Throughout the years, the previous developers had done an excellent job at securing this application. It was integrated with the company’s Active Directory installation, and each user had access to only the needed areas within the application based on their role within the company.
Each user was also tied to a very specific role in the database, so they could only access specific information on the database level. Any changes to data was logged in a central location, and we could easily tell what user made what change to what data at a very fine-grained level.
For running the batch processing in the evenings, we created a user, Mr_Roboto, and added him to Active Directory and to the database. Through an automated process, Mr_Roboto was responsible for running the batch jobs at night, and all the logging for those batch jobs were done under his name. We gave Mr_Roboto as little access as needed, and “he” did his job as expected with few problems for years.
Oh, that security hole
In the same company there was a very bad security practice that needed to be remedied. On numerous servers, the same user name and password was used for the System Admin account. If anyone compromised that account on one server, then that person would have administrative access to pretty much any server within the domain. It was a bad setup and needed to be fixed by the system admins, but the issue persisted for reasons unknown to the development team.
Thus, when one of the admins pulled me aside on a Friday and told me that for security reasons they were going to be restricting users on the servers, I couldn’t have been happier. The system admin said they were going to rename accounts and change passwords so that the same user would not have identical access to different servers across the company.
He then asked if this would be an issue for our .Net application. I told him it wouldn’t because we didn’t use the system admin accounts for our application — change away!
Later that day, I was informed that the changes had been put into effect. I went home for the weekend happy, thinking our company’s servers would be much safer.
The fix that wasn’t
When I arrived at work on Monday, I found that disaster had struck. My inbox had messages from Mr_Roboto showing the evening batch jobs he’d attempted had failed. There were open tickets from multiple users, reporting their batch jobs had not run. I had users calling to ask what was happening. I checked, and all of the batch processes had failed.
My team went into crisis mode immediately and tried to figure out what had happened. Looking over errors, it become apparent that Mr_Roboto no longer had access to the servers he was supposed to be running on. In fact, Mr_Roboto was no longer in Active Directory.
Horrified, we called up the system admin to find out what was going on. The response: “Yes, I changed Mr_Roboto to Mr_RobotoA and Mr_RobotoB and only gave them access to one of your two processing servers, respectively.”
Our displeasure with this situation was immediately and loudly communicated to the system admin. After a few minutes he agreed to change his “security upgrades” back to way they were before. It wouldn’t fix the security log-in problem, but at that point we had a larger issue on our hands: A whole weekend’s worth of batch processing still needed to our attention.

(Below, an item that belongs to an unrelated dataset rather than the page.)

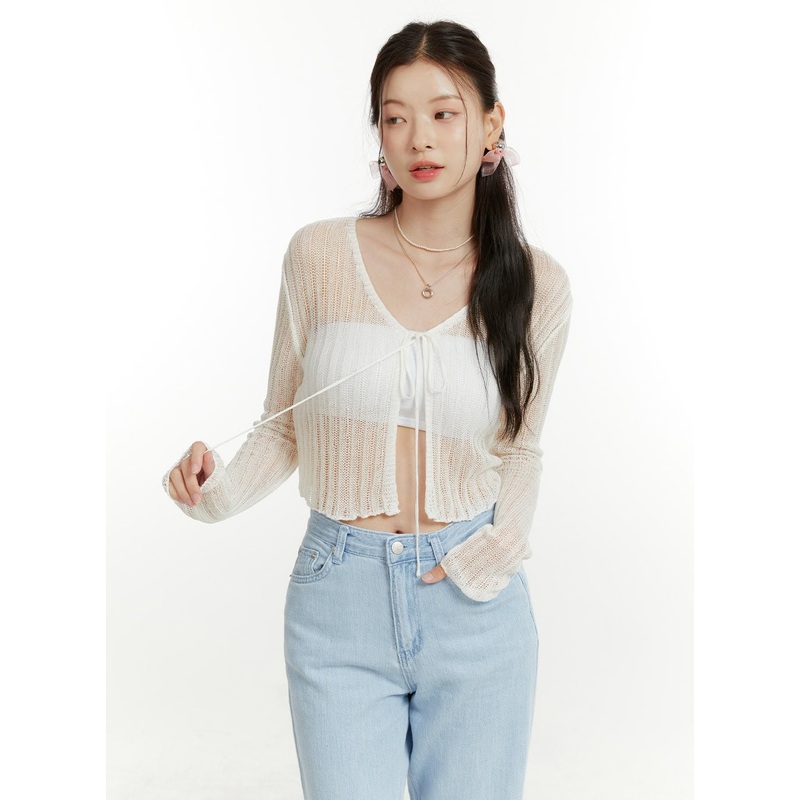 Drawstring V-Neck Sheer Cardigan OU419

As a last resort, my boss had the developers use their machines to run the batch processes. Thankfully, by the end of the day we had cleared up the backlog, and our users ran all their reports and sent them to the correct parties.
It’ll be better next time – right?
Our team conducted a postmortem on the situation and came to the following conclusions:
First, as easy it was to blame the system admin, I should have requested more details before allowing the change. I had wanted to hear — and took away from the conversation — that the system admin accounts were being changed, but that was not what the system admin was saying. Also, any future changes needed to have an email listing what changes and why. For the future we resolved not to stand in the way of any positive changes, but wanted a clear explanation about what changes were being made before anything was done.
Second, we also realized that the system admins didn’t know enough about what we were doing. This was handled by a two-hour meeting with the admin team in which we brought donuts and explained how our application worked and described the incident as “the weekend in which Mr_Roboto got fired.”
Thankfully, positive changes came out of the debacle, such as better communication between the development and system administrator teams. But one huge problem remained: The system administrator accounts were still the same for all the servers. For some reason, the sys admins never fixed this security problem — and hadn’t by the time I left the company. I’m told the failure stands to this day.